In this sense, the presence of Jaguar Land Rover – owned by Indian firm Tata Motors, and HSBC, with its Far East connections, that I think serves as a springboard. Not so much in terms of expanding trade from these existing entities per se, but rather in that being emblematic corporate labels, they showcase the appeal of the Midlands for other emergent investors from India, East Asia, and elsewhere in the Commonwealth (not least my home country, Australia).

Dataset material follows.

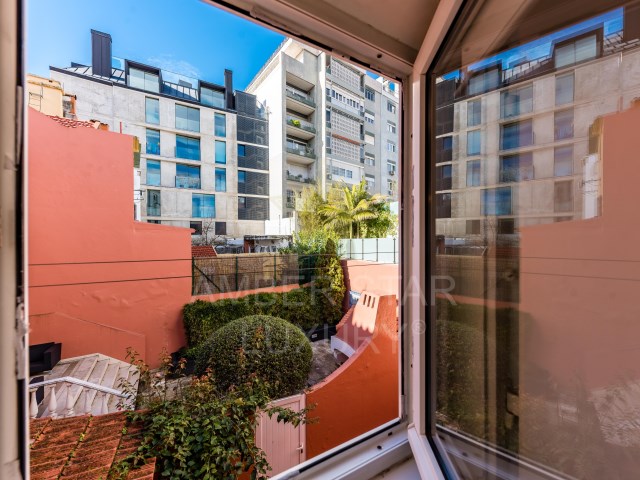 Квартира в Лиссабоне, Португалия, 80 м² - фото 14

For the Region, then, the 2022 Commonwealth Games are everything to play for…

 

 

[1] Fothergill, S. (2009), ‘The Impact of Recession on Industrial Britain’, Industrial Communities Alliance: Barnsley.

[2] Van Winden, W. (2008), ‘Urban governance in the knowledge-based economy: Challenges for different city types’, Innovation: management, policy and practice, 10: 197-210.

[3] Vines, R. (2020), ‘U.K. Hospitality Industry Sales Slump 87% as Coronavirus Lockdown Bites’, Bloomberg (28th July 2020), accessed on 28th July, 2020 at https://www.bloomberg.com/news/articles/2020-07-27/u-k-hospitality-industry-sales-slump-87-as-coronavirus-lockdown-bites

[4] Office for National Statistics, (2019), ‘Regional gross value added (balanced) by industry: all NUTS level regions’ accessed on 28th July 2020 at https://www.ons.gov.uk/economy/grossvalueaddedgva/datasets/nominalandrealregionalgrossvalueaddedbalancedbyindustry

About Professor Alex de Ruyter

Alex de Ruyter is a professor at Birmingham City University and serves as Director of its Centre for Brexit Studies. He brings a wealth of research experience and academic engagement in the areas of globalisation, regional economic development, labour market and social exclusion issues. He has published over 60 academic outputs in leading national and international economic journals and has been the recipient of research funding, including work for the West Midland Combined Authority on understanding the supply chain implications of Brexit on the Automotive and Aerospace sectors in the Midlands.

Professor de Ruyter has undertaken numerous media interviews and is currently researching on working in the “gig economy”. He is also a Board member of the Regional Studies Association.